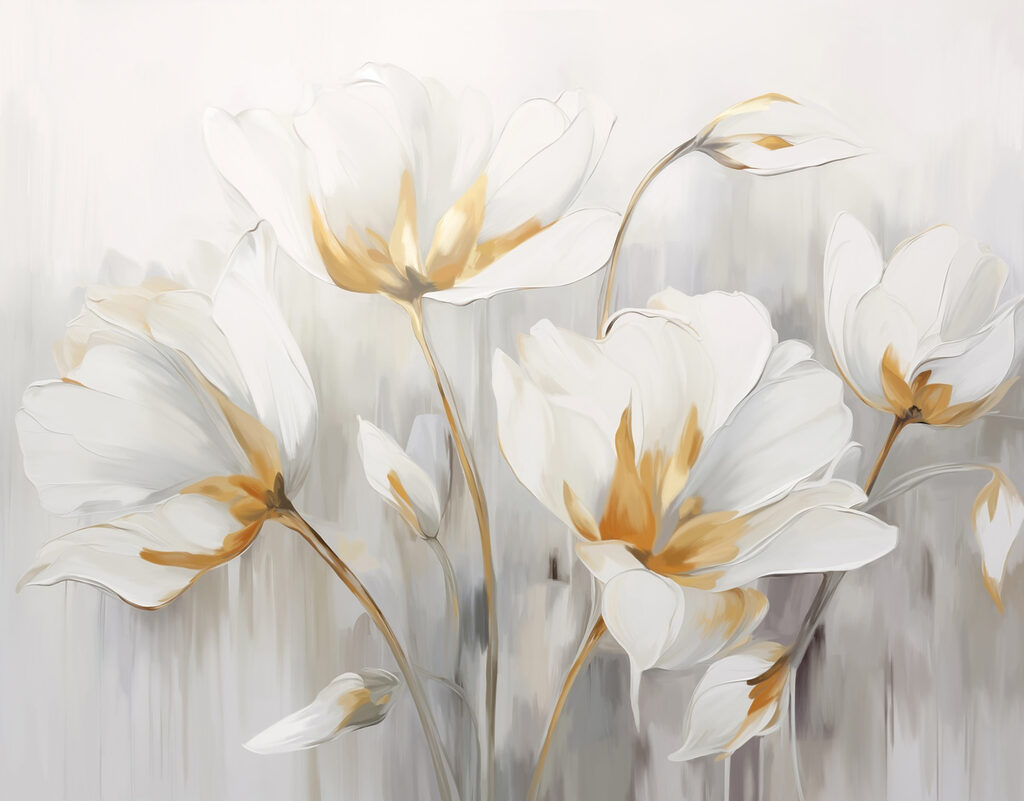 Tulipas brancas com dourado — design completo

● ● ● ●

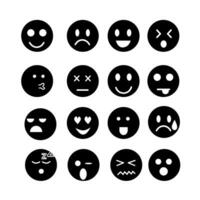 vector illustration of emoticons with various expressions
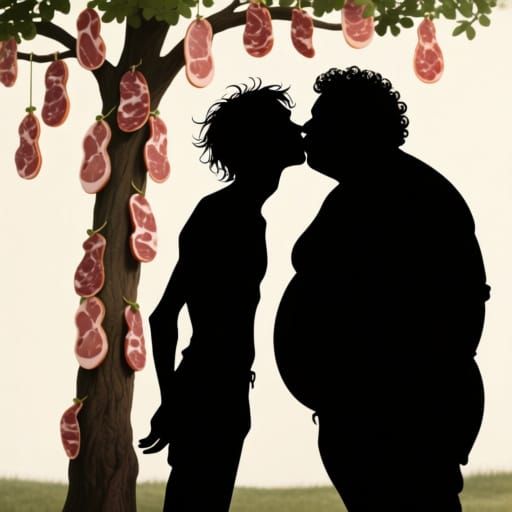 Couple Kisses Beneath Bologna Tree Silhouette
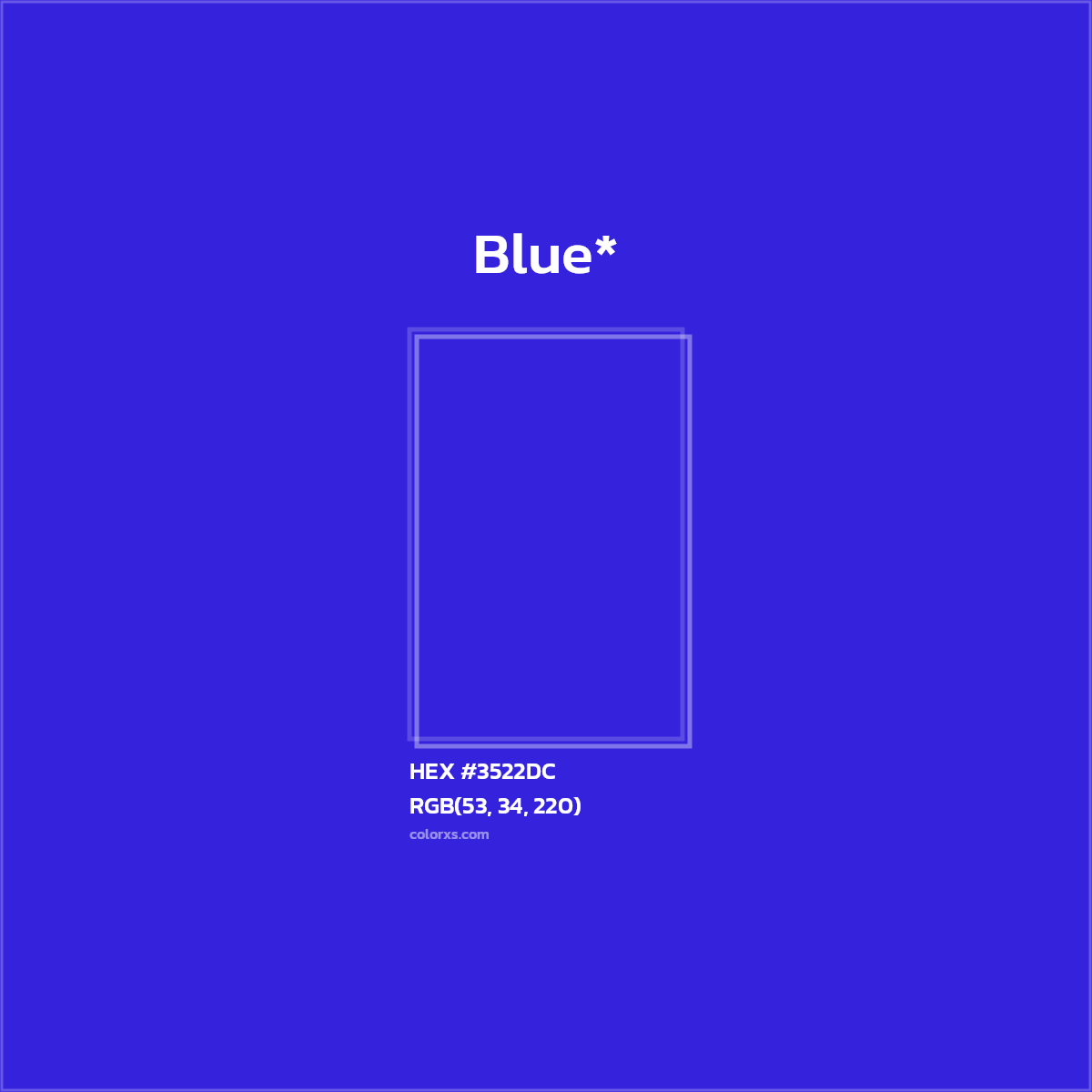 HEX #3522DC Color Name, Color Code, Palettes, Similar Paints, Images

● ● ● ●

Exercise for the records above: copy only the lines from the one with "vector illustration of" to the one with "HEX #3522DC Color", both ends kept, and drop the pictures.

OUTPUT FOR THIS TASK =
 vector illustration of emoticons with various expressions
 Couple Kisses Beneath Bologna Tree Silhouette
 HEX #3522DC Color Name, Color Code, Palettes, Similar Paints, Images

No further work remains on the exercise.